SRINAGAR: In a new twist to the contrived music and Islam controversy here, noted Kashmiri human rights activist Parvez Imroz has decided to sue the regions grand mufti for his indiscriminate fatwas.
Though chief minister Omar Abdullah had ruled out legal action against Mufti Basheeruddin who recently ruled singing and music as un-Islamic, Imroz said that the grand muftis proclivity to issue fatwas on complex and sensitive issues created more confusion than clarity.
Interestingly, the chairman of the Hurriyat (M), Mirwaiz Umer Farooq, and the spokesman of the Hurriyat (G), who had echoed views identical to the grand muftis, have inexplicably been spared the heat.
Both were quoted extensively by a Srinagar-based newspaper in a “report” that manufactured the row over an almost obscure group of three schoolgirls who had been targeted with online threats and abuse on performing in a local competition.
Dubbed as a rock band, the group of three girls has since forsworn singing and playing music, saying that they respected the views of the grand mufti who had told them to give up their activity.
Today, Parvex Imroz said that he would file a writ petition in the High Court against Mufti Basheeruddin as, according to him, he had virtually set up a parallel legal system in Kashmir.

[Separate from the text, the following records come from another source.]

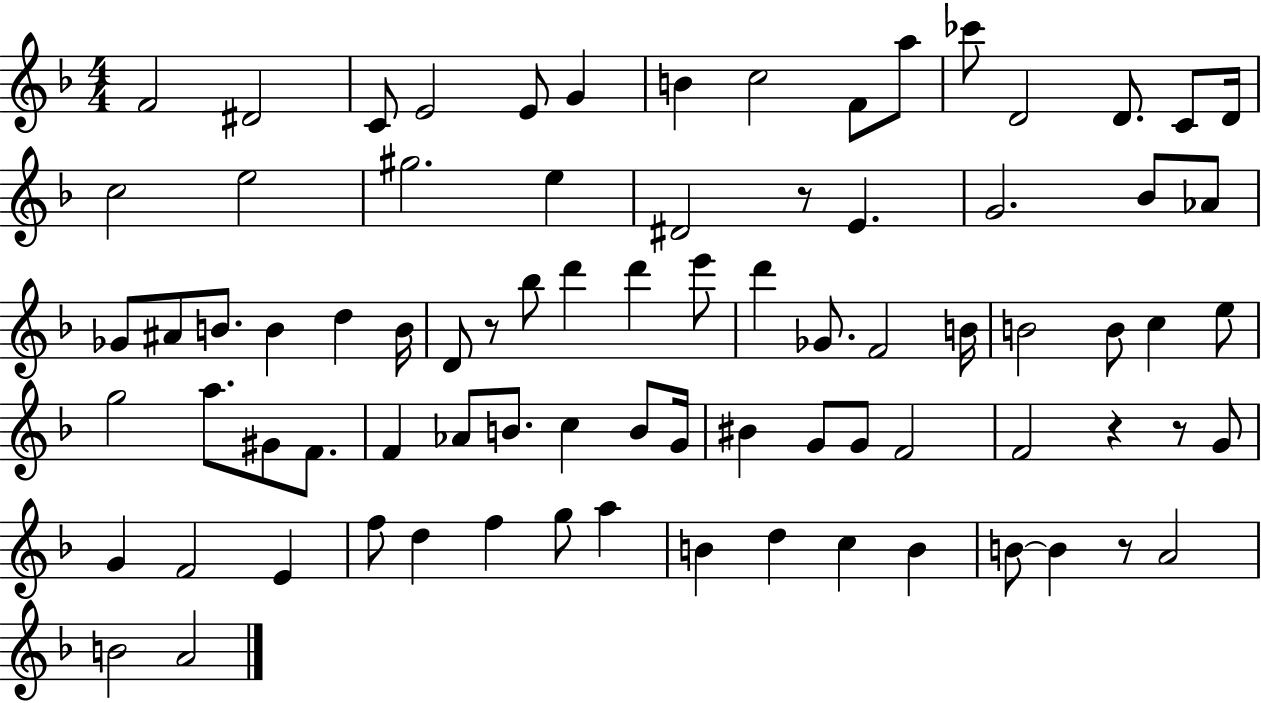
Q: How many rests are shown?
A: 5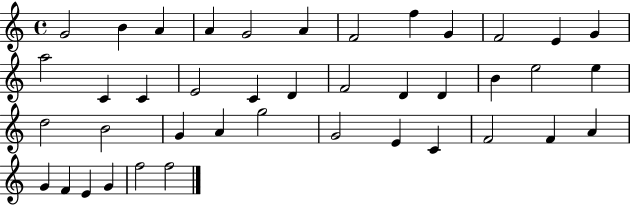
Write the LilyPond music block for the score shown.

{
  \clef treble
  \time 4/4
  \defaultTimeSignature
  \key c \major
  g'2 b'4 a'4 | a'4 g'2 a'4 | f'2 f''4 g'4 | f'2 e'4 g'4 | \break a''2 c'4 c'4 | e'2 c'4 d'4 | f'2 d'4 d'4 | b'4 e''2 e''4 | \break d''2 b'2 | g'4 a'4 g''2 | g'2 e'4 c'4 | f'2 f'4 a'4 | \break g'4 f'4 e'4 g'4 | f''2 f''2 | \bar "|."
}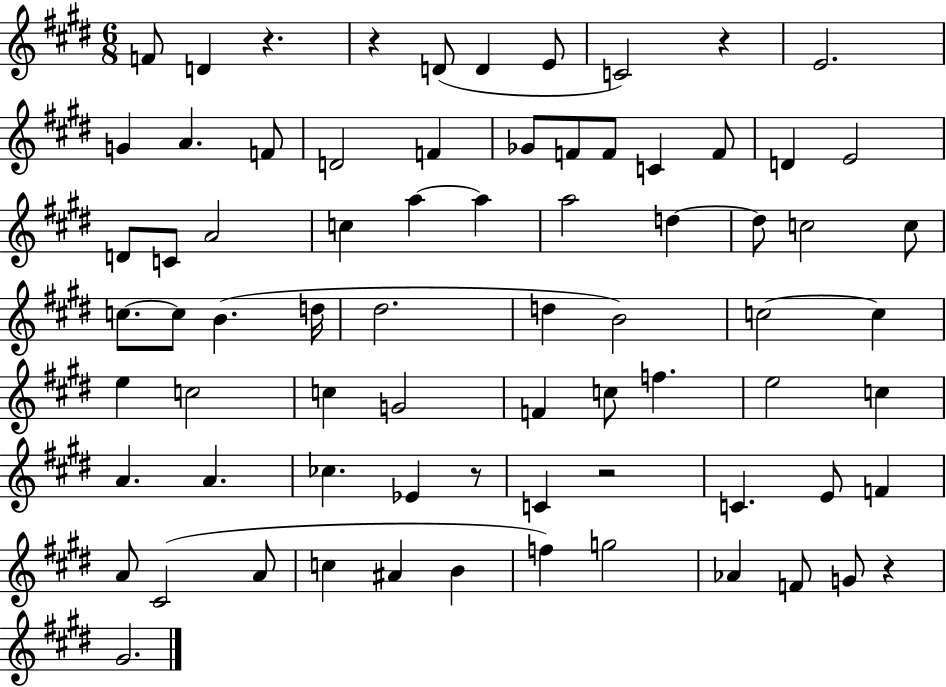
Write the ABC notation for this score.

X:1
T:Untitled
M:6/8
L:1/4
K:E
F/2 D z z D/2 D E/2 C2 z E2 G A F/2 D2 F _G/2 F/2 F/2 C F/2 D E2 D/2 C/2 A2 c a a a2 d d/2 c2 c/2 c/2 c/2 B d/4 ^d2 d B2 c2 c e c2 c G2 F c/2 f e2 c A A _c _E z/2 C z2 C E/2 F A/2 ^C2 A/2 c ^A B f g2 _A F/2 G/2 z ^G2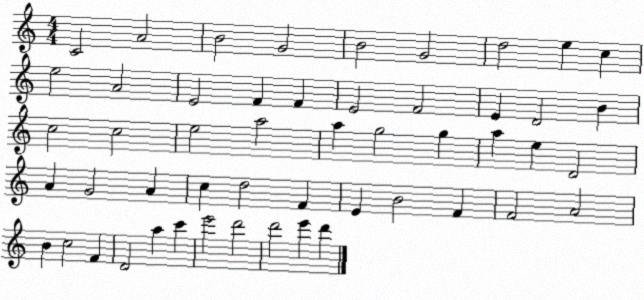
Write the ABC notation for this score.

X:1
T:Untitled
M:4/4
L:1/4
K:C
C2 A2 B2 G2 B2 G2 d2 e c e2 A2 E2 F F E2 F2 E D2 B c2 c2 e2 a2 a g2 g a e D2 A G2 A c d2 F E B2 F F2 A2 B c2 F D2 a c' e'2 d'2 d'2 e' d'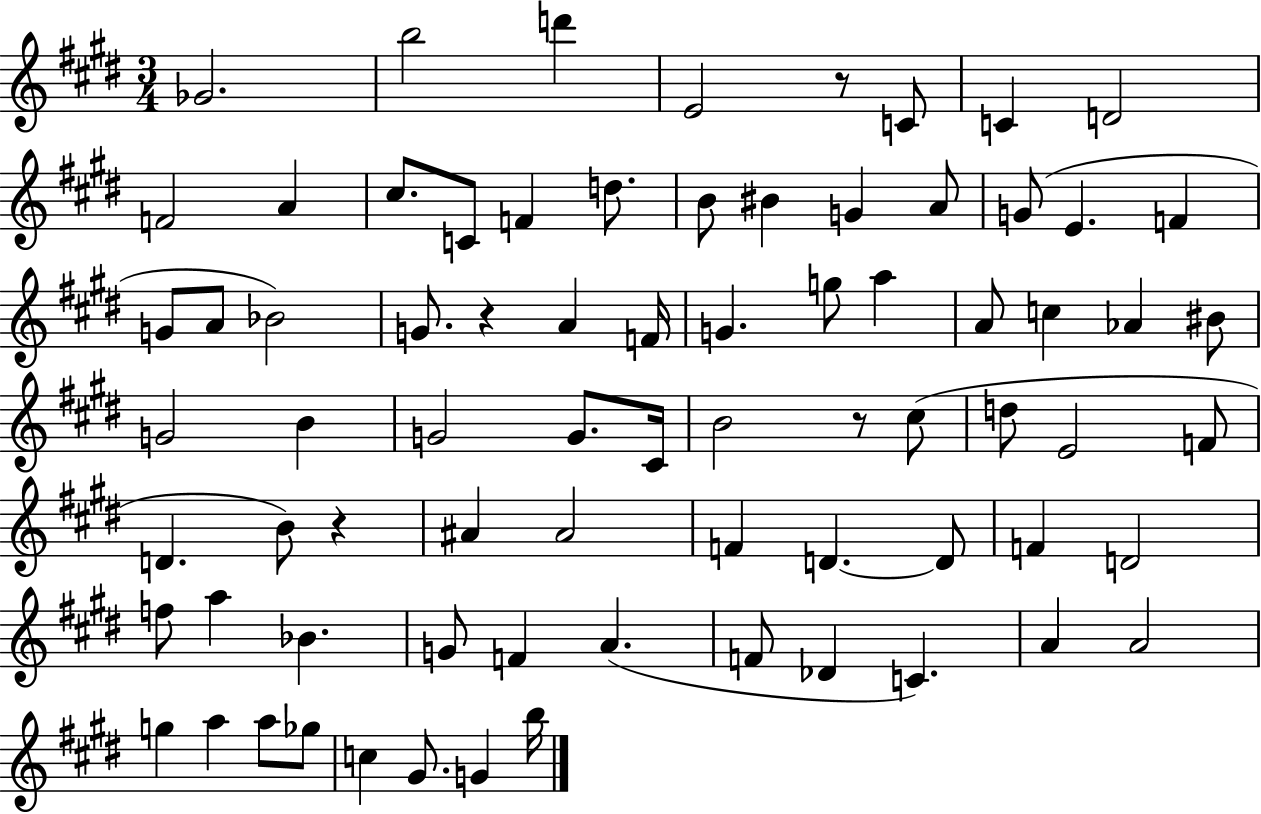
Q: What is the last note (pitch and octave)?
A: B5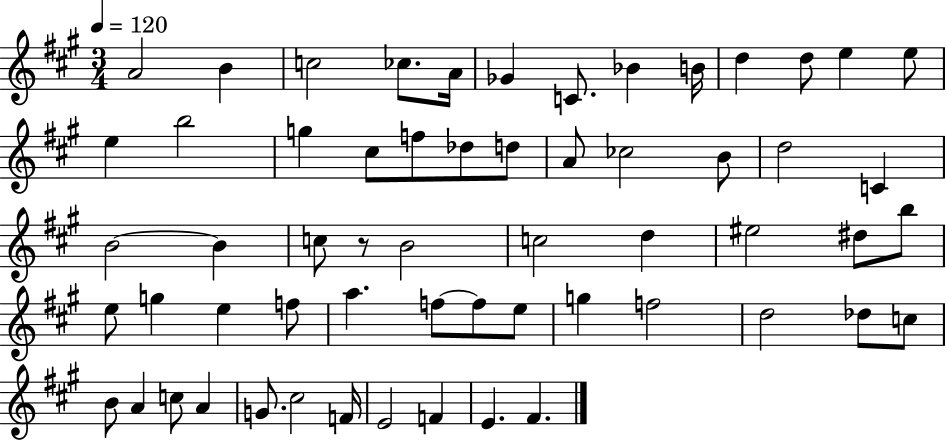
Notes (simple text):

A4/h B4/q C5/h CES5/e. A4/s Gb4/q C4/e. Bb4/q B4/s D5/q D5/e E5/q E5/e E5/q B5/h G5/q C#5/e F5/e Db5/e D5/e A4/e CES5/h B4/e D5/h C4/q B4/h B4/q C5/e R/e B4/h C5/h D5/q EIS5/h D#5/e B5/e E5/e G5/q E5/q F5/e A5/q. F5/e F5/e E5/e G5/q F5/h D5/h Db5/e C5/e B4/e A4/q C5/e A4/q G4/e. C#5/h F4/s E4/h F4/q E4/q. F#4/q.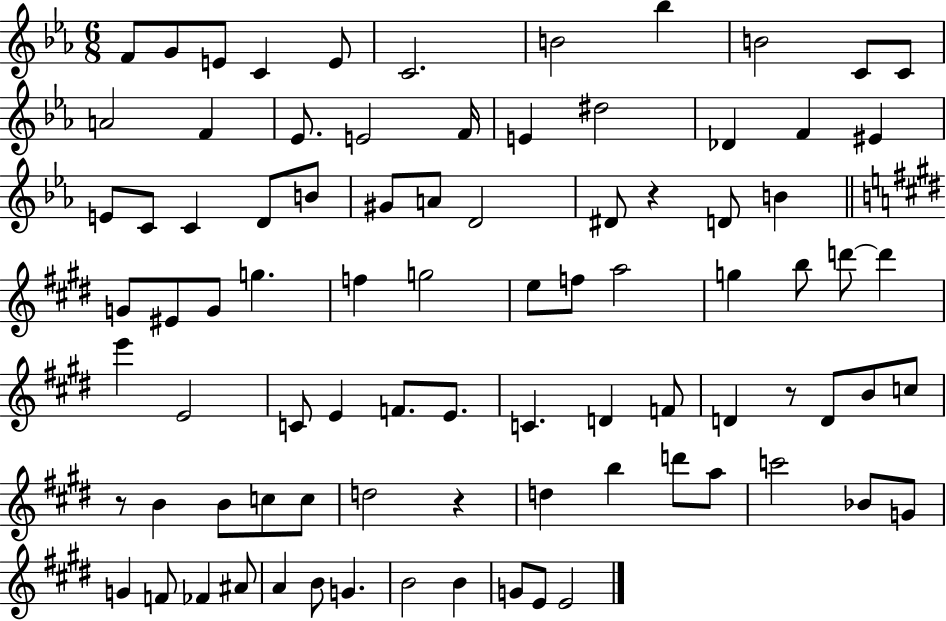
X:1
T:Untitled
M:6/8
L:1/4
K:Eb
F/2 G/2 E/2 C E/2 C2 B2 _b B2 C/2 C/2 A2 F _E/2 E2 F/4 E ^d2 _D F ^E E/2 C/2 C D/2 B/2 ^G/2 A/2 D2 ^D/2 z D/2 B G/2 ^E/2 G/2 g f g2 e/2 f/2 a2 g b/2 d'/2 d' e' E2 C/2 E F/2 E/2 C D F/2 D z/2 D/2 B/2 c/2 z/2 B B/2 c/2 c/2 d2 z d b d'/2 a/2 c'2 _B/2 G/2 G F/2 _F ^A/2 A B/2 G B2 B G/2 E/2 E2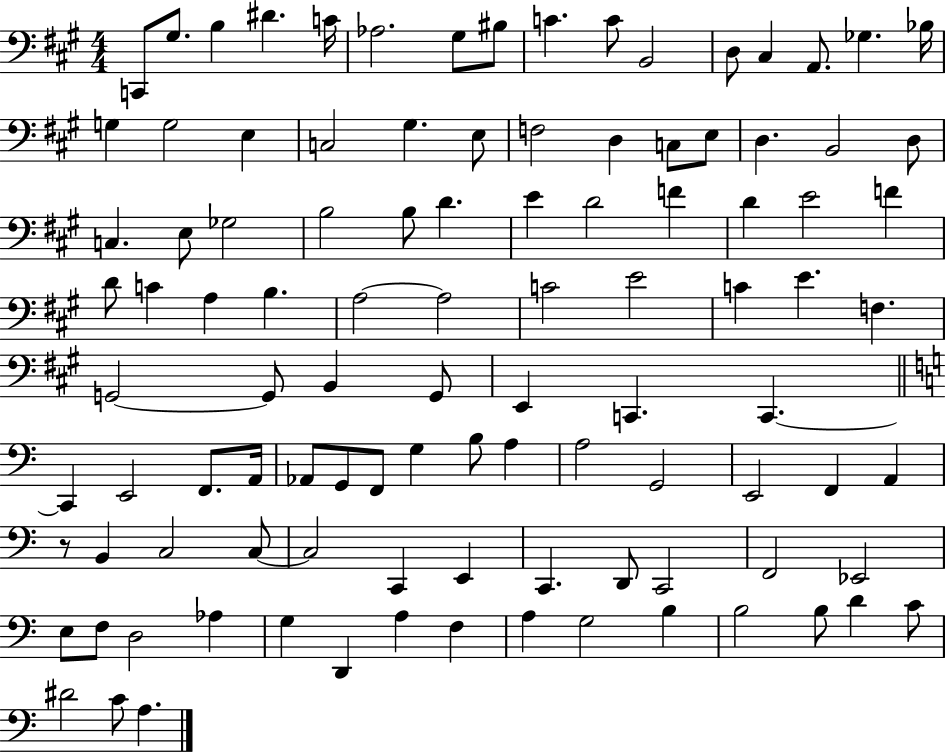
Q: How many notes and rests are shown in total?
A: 104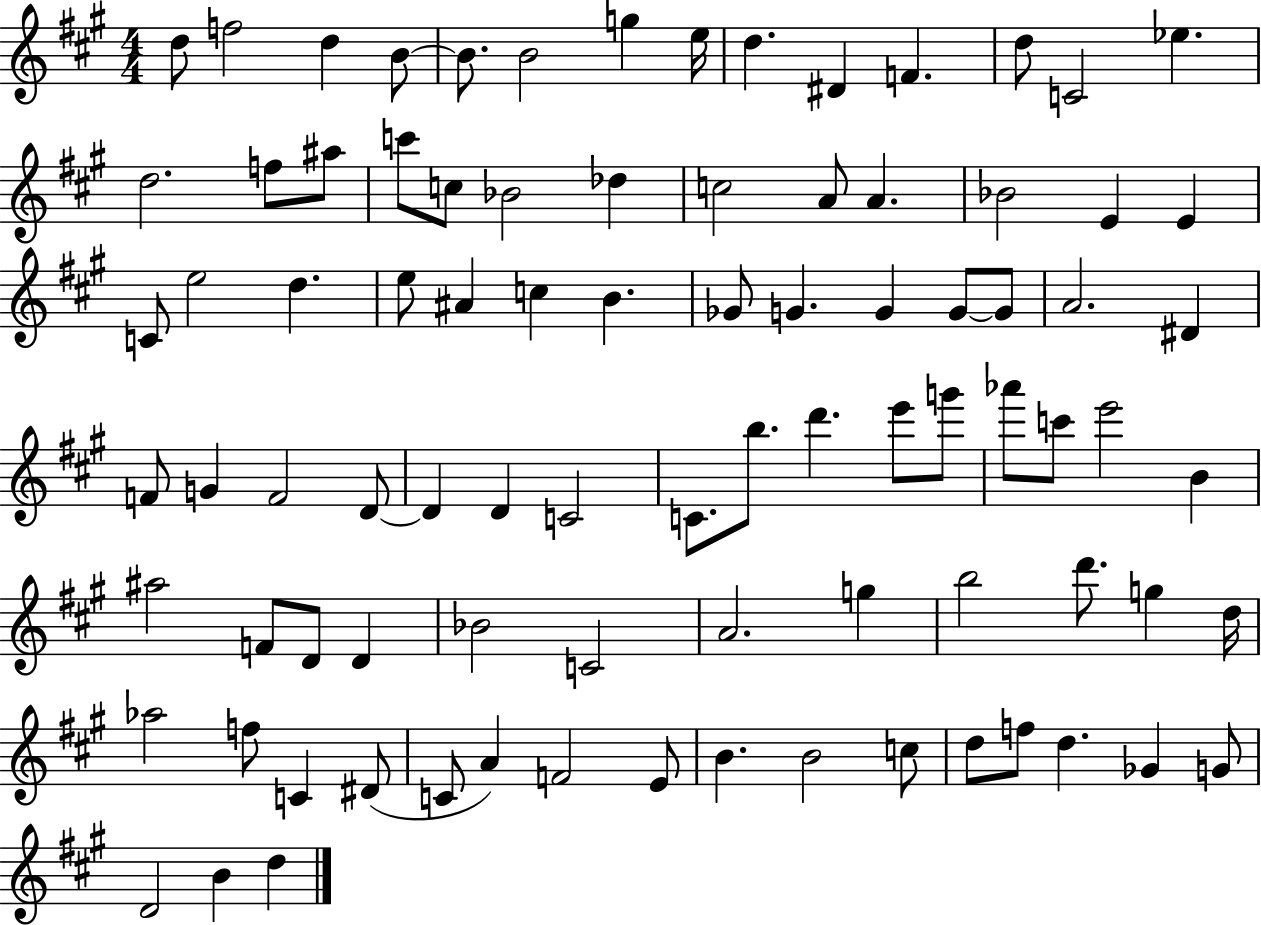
X:1
T:Untitled
M:4/4
L:1/4
K:A
d/2 f2 d B/2 B/2 B2 g e/4 d ^D F d/2 C2 _e d2 f/2 ^a/2 c'/2 c/2 _B2 _d c2 A/2 A _B2 E E C/2 e2 d e/2 ^A c B _G/2 G G G/2 G/2 A2 ^D F/2 G F2 D/2 D D C2 C/2 b/2 d' e'/2 g'/2 _a'/2 c'/2 e'2 B ^a2 F/2 D/2 D _B2 C2 A2 g b2 d'/2 g d/4 _a2 f/2 C ^D/2 C/2 A F2 E/2 B B2 c/2 d/2 f/2 d _G G/2 D2 B d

When the state already has a legal system, how can another structure (be allowed to) work? Imroz asked.
The grand mufti has already over-stepped the bounds of the states legal system by issuing notices to Christian missionaries (during the conversions row in 2011), he said.
I cant understand who has made him the grand mufti, and what his jurisdiction is, he said.
He has no authority to go about issuing decrees on every conceivable issue, he said.
In Iran for example, a mufti can issues fatwas as the system there is governed by Islamic law, he said, adding that the silence of the state government and the administration was surprising.
When some individual, particularly the youth, expresses his or her views on the social media, it is concerned illegal, and those concerned not only booked by the police, but also taken into custody, he said.
But over the past years, the grand mufti has issued fatwas on a number of issues, but no one took any action or registered a case, he said.
When asked how long it would take him to file his petition, Imroz said that he would move the High Court in about a weeks time as was reviewing the legal aspects of all fatwas issued by the grand mufti in recent years.